The question arises from the case Bullard v. Hyde Park Savings Bank, in which the 1st Circuit held a bankruptcy court's order denying confirmation of the repayment plan was a final judgment, and therefore not appealable.

Petitioner Louis Bullard is the owner of a property in Randolph, Mass., on which the respondent, Hyde Park Savings Bank, holds a $387,000 mortgage.

On December 14, 2010, Bullard filed a voluntary petition for Chapter 13 bankruptcy, and over the next two years, he amended his filing three times, adding, finally, a proposed "hybrid" repayment scheme, which divided his debt into a secured claim, backed by the property, and an unsecured claim. Both of these were to be repaid over a five-year term.

On July 24, 2012, the bankruptcy court rejected the plan because it viewed Bullard's proposal as inconsistent with certain provisions of the Bankruptcy Code. On appeal, a bankruptcy appellate panel affirmed.

Bullard, however, was undeterred, particularly in light of a split among the circuits on the question of appeal ability in cases like his -- "A long line of decisions [that] has established that finality in bankruptcy is a broader concept than finality in ordinary civil litigation."

In his writ of certiorari, Bullard argued that orders denying confirmation of a given repayment plan should be appealable because they " ... resolve a discrete dispute the frequently is decisive for the balance of the bankruptcy case.

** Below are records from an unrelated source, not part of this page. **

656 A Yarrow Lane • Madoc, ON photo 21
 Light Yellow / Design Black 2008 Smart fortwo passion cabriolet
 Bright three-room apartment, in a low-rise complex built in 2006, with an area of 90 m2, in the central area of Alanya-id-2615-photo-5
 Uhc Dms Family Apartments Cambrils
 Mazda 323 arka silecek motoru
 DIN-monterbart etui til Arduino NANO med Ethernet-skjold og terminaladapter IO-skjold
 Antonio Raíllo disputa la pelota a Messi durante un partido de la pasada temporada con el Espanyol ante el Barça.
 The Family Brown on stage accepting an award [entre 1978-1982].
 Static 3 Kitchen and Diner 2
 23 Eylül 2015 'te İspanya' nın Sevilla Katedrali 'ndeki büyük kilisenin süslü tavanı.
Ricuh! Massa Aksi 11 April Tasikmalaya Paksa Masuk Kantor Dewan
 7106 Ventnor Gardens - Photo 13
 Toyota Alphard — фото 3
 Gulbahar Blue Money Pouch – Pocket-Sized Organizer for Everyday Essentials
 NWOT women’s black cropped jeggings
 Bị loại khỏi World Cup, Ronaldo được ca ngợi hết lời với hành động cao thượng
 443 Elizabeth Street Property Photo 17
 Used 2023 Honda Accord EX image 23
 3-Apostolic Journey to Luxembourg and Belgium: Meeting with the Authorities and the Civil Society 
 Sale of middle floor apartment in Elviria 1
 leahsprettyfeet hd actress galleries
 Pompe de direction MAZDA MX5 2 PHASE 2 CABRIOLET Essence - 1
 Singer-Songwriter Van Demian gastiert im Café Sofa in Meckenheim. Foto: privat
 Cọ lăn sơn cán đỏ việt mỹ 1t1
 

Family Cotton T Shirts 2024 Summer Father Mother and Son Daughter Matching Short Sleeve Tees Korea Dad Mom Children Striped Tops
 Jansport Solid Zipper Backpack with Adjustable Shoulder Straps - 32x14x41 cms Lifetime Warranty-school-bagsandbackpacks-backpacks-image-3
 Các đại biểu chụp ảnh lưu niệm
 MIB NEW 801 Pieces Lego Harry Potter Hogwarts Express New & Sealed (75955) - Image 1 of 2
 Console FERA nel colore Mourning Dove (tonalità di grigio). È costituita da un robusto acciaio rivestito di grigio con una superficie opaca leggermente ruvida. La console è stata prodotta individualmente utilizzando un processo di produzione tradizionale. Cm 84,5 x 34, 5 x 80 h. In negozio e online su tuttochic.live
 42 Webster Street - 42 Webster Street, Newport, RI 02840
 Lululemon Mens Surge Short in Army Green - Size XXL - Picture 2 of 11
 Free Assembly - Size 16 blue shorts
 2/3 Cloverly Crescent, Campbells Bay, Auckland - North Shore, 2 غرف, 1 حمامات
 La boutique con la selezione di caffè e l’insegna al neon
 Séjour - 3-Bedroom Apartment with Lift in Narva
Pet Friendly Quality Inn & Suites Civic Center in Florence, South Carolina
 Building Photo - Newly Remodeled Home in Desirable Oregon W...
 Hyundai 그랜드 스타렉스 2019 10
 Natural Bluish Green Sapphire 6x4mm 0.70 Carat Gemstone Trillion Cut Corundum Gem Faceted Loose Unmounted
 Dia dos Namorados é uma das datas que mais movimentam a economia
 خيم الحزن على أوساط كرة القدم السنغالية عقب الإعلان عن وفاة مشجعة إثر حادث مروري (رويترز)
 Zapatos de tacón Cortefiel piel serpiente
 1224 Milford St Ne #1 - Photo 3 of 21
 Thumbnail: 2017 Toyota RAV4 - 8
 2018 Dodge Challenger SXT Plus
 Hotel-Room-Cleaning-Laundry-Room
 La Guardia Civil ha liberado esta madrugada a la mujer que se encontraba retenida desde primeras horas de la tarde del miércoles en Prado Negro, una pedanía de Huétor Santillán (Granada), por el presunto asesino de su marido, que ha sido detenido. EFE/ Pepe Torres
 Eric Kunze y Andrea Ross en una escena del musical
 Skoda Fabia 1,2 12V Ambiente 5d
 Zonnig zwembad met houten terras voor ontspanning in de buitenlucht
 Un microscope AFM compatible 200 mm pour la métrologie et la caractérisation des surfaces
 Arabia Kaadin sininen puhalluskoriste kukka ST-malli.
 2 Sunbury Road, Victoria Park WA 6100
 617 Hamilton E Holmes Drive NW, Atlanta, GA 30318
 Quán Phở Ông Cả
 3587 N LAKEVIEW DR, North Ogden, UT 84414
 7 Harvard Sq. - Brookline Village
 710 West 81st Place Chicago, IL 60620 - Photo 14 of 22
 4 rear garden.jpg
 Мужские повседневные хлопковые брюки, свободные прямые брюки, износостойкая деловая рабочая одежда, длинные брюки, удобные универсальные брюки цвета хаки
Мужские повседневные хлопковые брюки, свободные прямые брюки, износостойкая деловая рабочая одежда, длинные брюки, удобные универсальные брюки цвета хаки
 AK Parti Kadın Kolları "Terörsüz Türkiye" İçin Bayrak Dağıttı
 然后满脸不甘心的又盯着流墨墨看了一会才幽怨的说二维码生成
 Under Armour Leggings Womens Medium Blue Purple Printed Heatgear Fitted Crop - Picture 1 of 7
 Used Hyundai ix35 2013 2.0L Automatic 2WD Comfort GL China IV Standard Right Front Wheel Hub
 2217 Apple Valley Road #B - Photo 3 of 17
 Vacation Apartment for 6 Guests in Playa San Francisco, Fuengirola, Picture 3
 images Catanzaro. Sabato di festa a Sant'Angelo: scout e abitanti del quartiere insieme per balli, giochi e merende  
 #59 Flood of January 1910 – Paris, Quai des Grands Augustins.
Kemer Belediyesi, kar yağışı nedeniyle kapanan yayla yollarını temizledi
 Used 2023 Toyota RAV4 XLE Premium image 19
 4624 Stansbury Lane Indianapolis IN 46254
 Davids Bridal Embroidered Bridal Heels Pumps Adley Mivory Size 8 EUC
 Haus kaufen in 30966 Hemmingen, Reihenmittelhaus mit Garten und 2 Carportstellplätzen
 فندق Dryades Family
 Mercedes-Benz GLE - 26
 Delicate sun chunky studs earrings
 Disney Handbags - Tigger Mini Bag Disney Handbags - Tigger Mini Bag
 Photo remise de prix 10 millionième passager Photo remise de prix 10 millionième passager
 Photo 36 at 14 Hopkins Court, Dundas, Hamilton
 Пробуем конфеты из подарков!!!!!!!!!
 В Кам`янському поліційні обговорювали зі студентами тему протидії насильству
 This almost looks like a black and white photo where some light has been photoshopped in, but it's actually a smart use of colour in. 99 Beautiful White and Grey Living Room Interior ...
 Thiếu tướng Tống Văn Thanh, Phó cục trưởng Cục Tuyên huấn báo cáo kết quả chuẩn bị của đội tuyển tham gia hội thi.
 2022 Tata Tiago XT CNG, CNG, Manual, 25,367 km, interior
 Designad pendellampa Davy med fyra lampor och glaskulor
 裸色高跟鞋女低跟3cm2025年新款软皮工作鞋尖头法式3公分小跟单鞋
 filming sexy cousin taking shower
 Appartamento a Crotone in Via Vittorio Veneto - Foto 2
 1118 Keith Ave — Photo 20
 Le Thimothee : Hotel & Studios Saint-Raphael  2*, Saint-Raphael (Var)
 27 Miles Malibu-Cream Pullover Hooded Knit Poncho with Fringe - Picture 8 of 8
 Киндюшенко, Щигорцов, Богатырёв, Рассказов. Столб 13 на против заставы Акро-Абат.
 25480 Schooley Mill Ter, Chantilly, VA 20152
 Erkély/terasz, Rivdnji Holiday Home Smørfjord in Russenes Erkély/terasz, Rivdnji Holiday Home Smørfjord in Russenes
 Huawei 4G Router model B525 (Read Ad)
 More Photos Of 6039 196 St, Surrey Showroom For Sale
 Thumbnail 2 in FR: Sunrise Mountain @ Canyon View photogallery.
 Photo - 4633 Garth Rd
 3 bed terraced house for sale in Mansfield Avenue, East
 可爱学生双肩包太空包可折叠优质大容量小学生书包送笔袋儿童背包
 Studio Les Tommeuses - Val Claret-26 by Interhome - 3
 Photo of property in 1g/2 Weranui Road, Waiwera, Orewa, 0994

"The debtor should not have to engage in a cumbersome and doubtful procedural maneuver to obtain appellate review of a plan denial," he continued. "Such a requirement places an unjustifiable hurdle in the paths of debtors and nay effectively preclude their ability to obtain any review of meritorious claims."

Hyde Park Savings Bank also filed a writ of certiorari, stating that the "question presented herein is critical to the administration of bankruptcy proceedings in both the business and consumer context as corporate Chapter 11 plans are also implicated by this question."

It adds, "In the event that the Court grants the Petitioner's request for certiorari, the Court should resolve this critical question by affirming the decision of the First Circuit and the majority of other circuits that have considered this question."